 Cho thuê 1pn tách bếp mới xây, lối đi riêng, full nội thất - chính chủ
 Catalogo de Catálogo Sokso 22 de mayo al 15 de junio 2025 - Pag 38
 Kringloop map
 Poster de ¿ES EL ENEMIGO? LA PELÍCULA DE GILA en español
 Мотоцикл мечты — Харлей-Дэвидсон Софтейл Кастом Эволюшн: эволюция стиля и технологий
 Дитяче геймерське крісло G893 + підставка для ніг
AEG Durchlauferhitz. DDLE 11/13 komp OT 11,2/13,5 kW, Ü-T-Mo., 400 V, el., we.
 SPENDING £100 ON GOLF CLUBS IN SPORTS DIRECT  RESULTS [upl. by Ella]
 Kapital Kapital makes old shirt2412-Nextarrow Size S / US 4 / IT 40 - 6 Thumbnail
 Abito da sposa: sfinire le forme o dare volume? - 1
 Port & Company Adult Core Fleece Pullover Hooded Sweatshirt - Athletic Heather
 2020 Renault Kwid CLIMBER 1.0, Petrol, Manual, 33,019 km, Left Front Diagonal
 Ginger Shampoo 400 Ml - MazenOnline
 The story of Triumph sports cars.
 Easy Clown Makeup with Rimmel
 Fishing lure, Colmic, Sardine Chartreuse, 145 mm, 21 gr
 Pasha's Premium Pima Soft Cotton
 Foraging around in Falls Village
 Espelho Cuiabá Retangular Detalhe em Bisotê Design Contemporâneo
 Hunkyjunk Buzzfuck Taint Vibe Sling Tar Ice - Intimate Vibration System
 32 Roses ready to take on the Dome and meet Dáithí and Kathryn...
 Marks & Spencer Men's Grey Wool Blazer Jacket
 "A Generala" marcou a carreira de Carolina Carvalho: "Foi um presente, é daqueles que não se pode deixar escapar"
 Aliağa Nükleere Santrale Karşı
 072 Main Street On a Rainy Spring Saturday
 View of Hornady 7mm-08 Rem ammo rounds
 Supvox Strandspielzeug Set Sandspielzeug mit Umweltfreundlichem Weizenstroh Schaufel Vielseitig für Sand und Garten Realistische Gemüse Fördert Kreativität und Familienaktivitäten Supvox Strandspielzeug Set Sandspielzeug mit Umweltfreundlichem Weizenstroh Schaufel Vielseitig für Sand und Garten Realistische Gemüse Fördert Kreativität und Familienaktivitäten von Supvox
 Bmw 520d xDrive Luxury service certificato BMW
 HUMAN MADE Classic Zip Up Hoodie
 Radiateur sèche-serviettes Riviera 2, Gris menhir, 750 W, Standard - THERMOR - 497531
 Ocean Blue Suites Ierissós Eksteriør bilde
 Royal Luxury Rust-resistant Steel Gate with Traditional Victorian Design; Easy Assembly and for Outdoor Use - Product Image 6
○ ○ ○ ○
Both ends count here. Reproduce exactly the lines from the one containing "Aliağa Nükleere Santrale Karşı" through the end of the listing.

» **Answer section**
 Aliağa Nükleere Santrale Karşı
 072 Main Street On a Rainy Spring Saturday
 View of Hornady 7mm-08 Rem ammo rounds
 Supvox Strandspielzeug Set Sandspielzeug mit Umweltfreundlichem Weizenstroh Schaufel Vielseitig für Sand und Garten Realistische Gemüse Fördert Kreativität und Familienaktivitäten Supvox Strandspielzeug Set Sandspielzeug mit Umweltfreundlichem Weizenstroh Schaufel Vielseitig für Sand und Garten Realistische Gemüse Fördert Kreativität und Familienaktivitäten von Supvox
 Bmw 520d xDrive Luxury service certificato BMW
 HUMAN MADE Classic Zip Up Hoodie
 Radiateur sèche-serviettes Riviera 2, Gris menhir, 750 W, Standard - THERMOR - 497531
 Ocean Blue Suites Ierissós Eksteriør bilde
 Royal Luxury Rust-resistant Steel Gate with Traditional Victorian Design; Easy Assembly and for Outdoor Use - Product Image 6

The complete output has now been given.